### [Raw data]

___

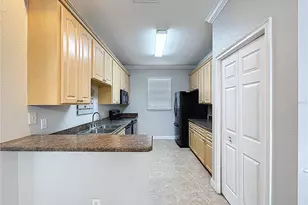 2075 Saddlewood Dr E, Bartow, FL 33830 - Photo 29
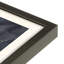 Starell Swell, impression sur papier mat d'archives-144553966-144553977-144553940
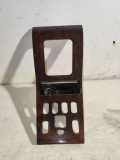 Schalthebel Kunststoffabdeckung MERCEDES-BENZ M (W163) ML 270 CDI (163.113) 1636830000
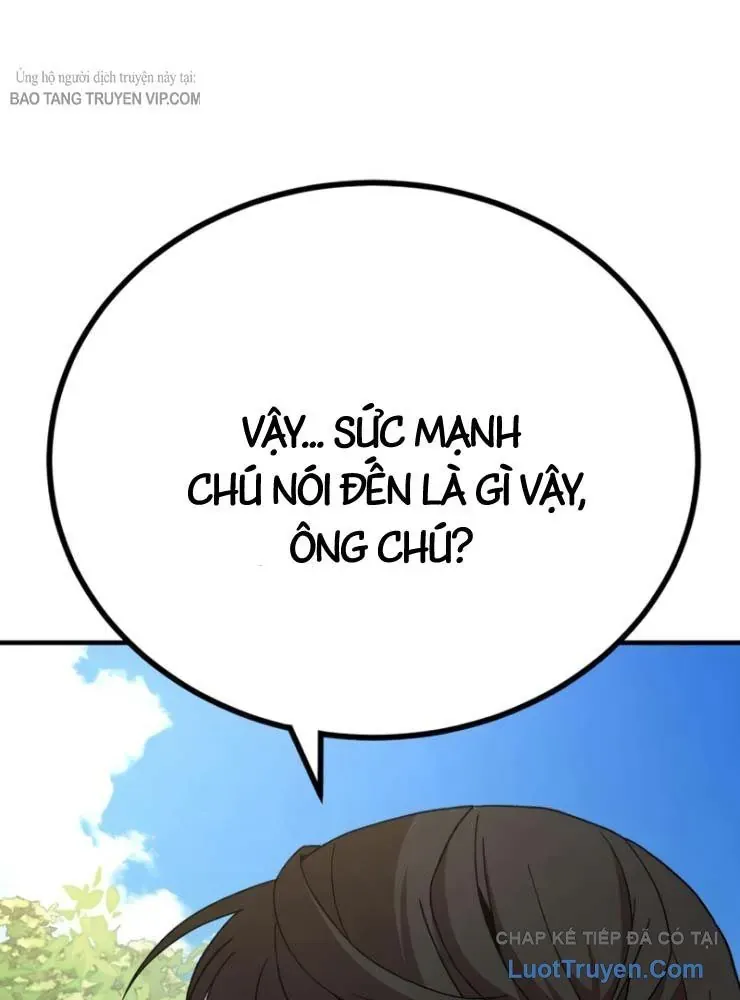 Cửa Sổ Trạng Thái Là Cái Thá Gì Chapter 9 - 67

___

Starting at the line that holds "Schalthebel Kunststoffabdeckung MERCEDES-BENZ", repeat every line through the end of the listing exactly as written, skipping any picture.

 Schalthebel Kunststoffabdeckung MERCEDES-BENZ M (W163) ML 270 CDI (163.113) 1636830000
 Cửa Sổ Trạng Thái Là Cái Thá Gì Chapter 9 - 67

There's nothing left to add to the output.